- **Exercise description**
Of the material below, only the lines from the line containing "AirPack – Smart" down to the line containing "Land Rover Range" belong in the answer, written out exactly.

- **Source data**
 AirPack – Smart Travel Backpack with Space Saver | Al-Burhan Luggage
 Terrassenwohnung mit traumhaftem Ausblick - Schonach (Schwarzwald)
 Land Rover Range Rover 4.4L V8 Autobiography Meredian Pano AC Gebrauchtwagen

--

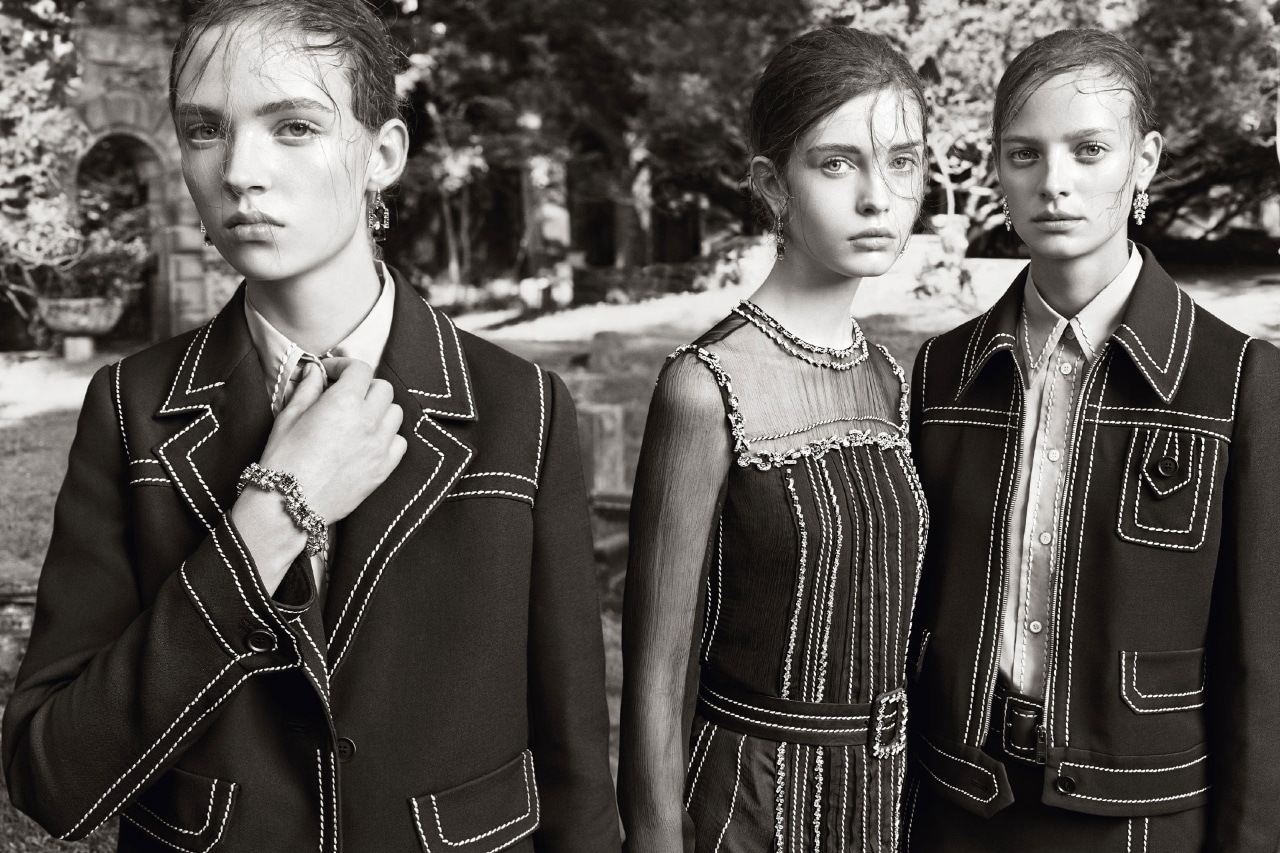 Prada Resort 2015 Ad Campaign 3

==

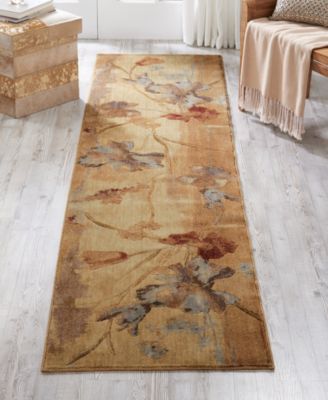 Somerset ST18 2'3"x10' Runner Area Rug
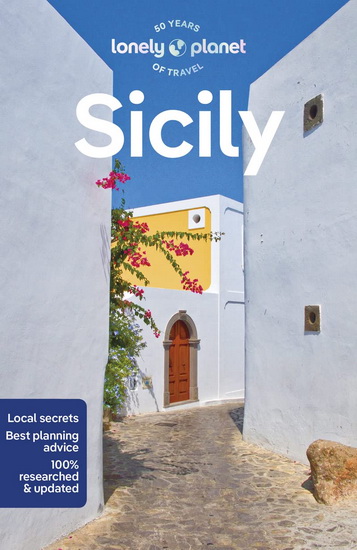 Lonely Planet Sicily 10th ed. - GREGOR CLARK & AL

- **Solution to this task**
 AirPack – Smart Travel Backpack with Space Saver | Al-Burhan Luggage
 Terrassenwohnung mit traumhaftem Ausblick - Schonach (Schwarzwald)
 Land Rover Range Rover 4.4L V8 Autobiography Meredian Pano AC Gebrauchtwagen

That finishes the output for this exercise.